The avocado contains 9 grams of carbs, but 7 of those are fiber, so it only has 2 “net” carbs.
The nutritional content of an avocado is:
- Vitamin C
- Vitamin B5
- Vitamin E
- Vitamin B6
- B1 (thiamine)
- B2 (riboflavin)
- B3 (niacin)
What really makes the avocado special is the fat it contains.
One of the primary benefits of the avocado on keto is that it contains heart-healthy monounsaturated fatty acid (alpha-linolenic acid). In fact, 77% of the calories in an avocado are from fat, making it one of the fattiest plant foods in existence.
Avocados are the perfect food for ketone production because it supplies the body with plenty fat to use as energy. Also, most of the fat in avocado is oleic acid.
Monounsaturated fatty acid is the major component of olive oil and it is responsible for some of its health benefits. Oleic acid has been shown to reduce inflammation and raise good cholesterol (HDL).
One cup of avocado contains approximately 13.6 grams of oleic acid.
This study shows that increasing HDL is associated with a substantial coronary heart disease risk reduction of 2% in men and 3% in women.
Additionally, avocados consist of approximately 12 percent polyunsaturated fat with 2.51 grams (per cup) of linoleic acid. This novel study suggests a benefit of linoleic acid for diabetes, LDL cholesterol, and total cholesterol.

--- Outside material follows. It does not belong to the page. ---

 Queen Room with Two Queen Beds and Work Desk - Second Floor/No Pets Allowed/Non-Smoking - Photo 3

Avocados can help you stick with your keto diet
Another benefit of avocados is they can make you feel full so your hunger is diminish. Yet another study found on PubMed demonstrates that eating the keto friendly avocado can influence satiety over a subsequent 3 and 5 hour period in overweight adults.
Avocado oil is also the best oil to cook with.

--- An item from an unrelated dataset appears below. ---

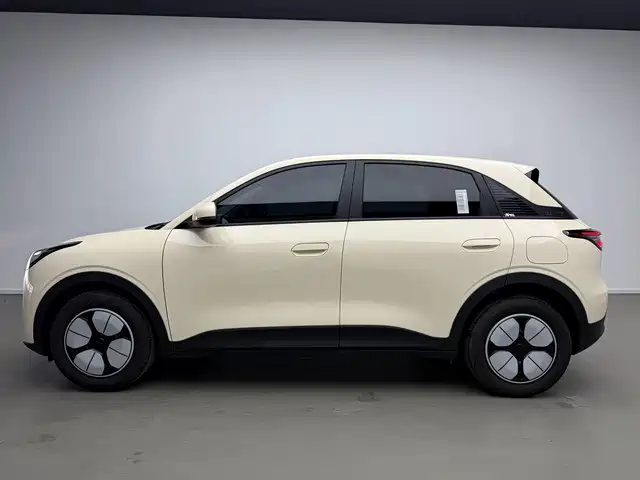 Geely Galaxy Starwish 2025 — фото 15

An additional benefit of the avocado on keto is that Avocado oil has a very high smoke point (520 degrees). It doesn’t oxidize as easily as most oils. So you can use avocado oil to sear your keto friendly ribeye steak and it won’t smoke up your house as much as other oils.

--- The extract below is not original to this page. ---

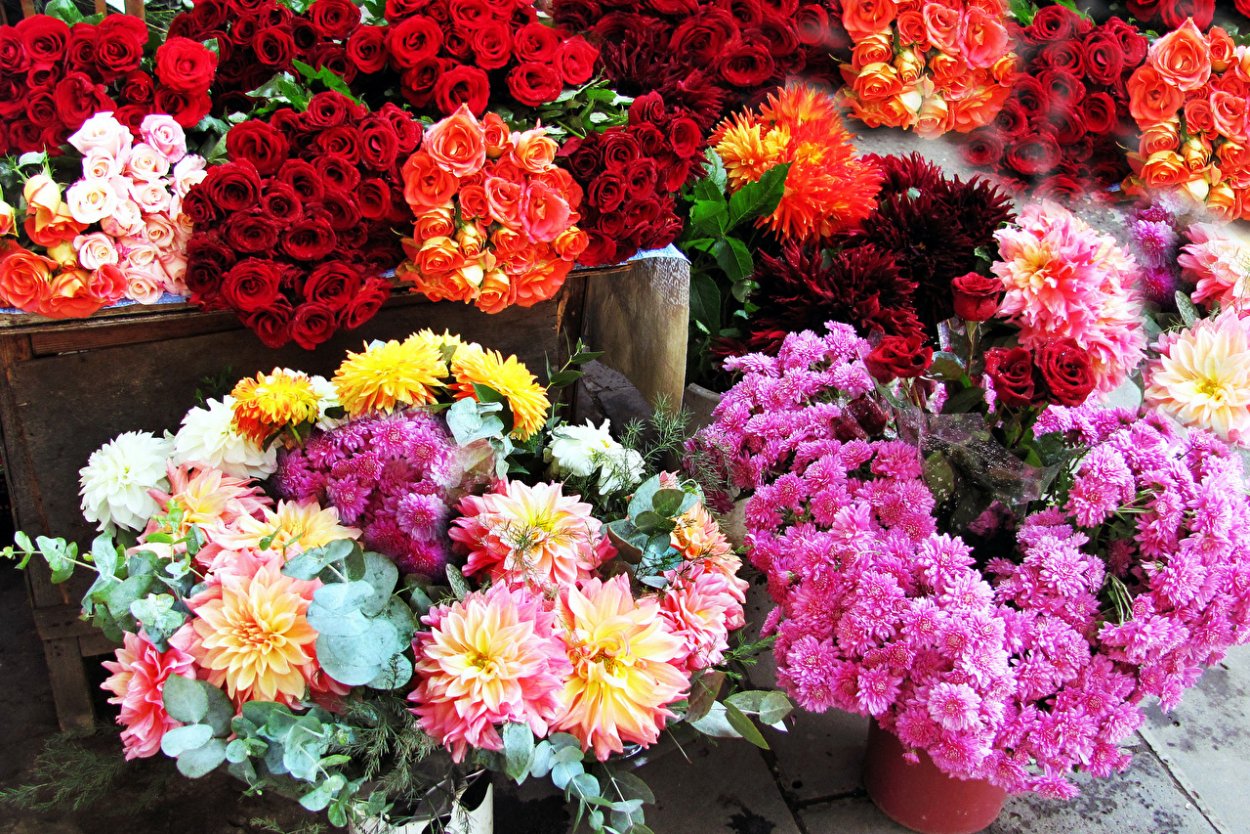 Tyrell New георгин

Lazy keto is eating too many of the unhealthy, oxidized types of fats.
So eat your avocados, they are delicious and versatile. Cut up some slices, sprinkle some salt on them and use them as a side with meat or eggs.
You can also mix them in with your deviled eggs and make delicious avocado deviled eggs. Also, be on the lookout for avocado mayonnaise.
If you know any other keto avocado recipes drop me a line and I’ll add them to this article. Enjoy your keto avocados!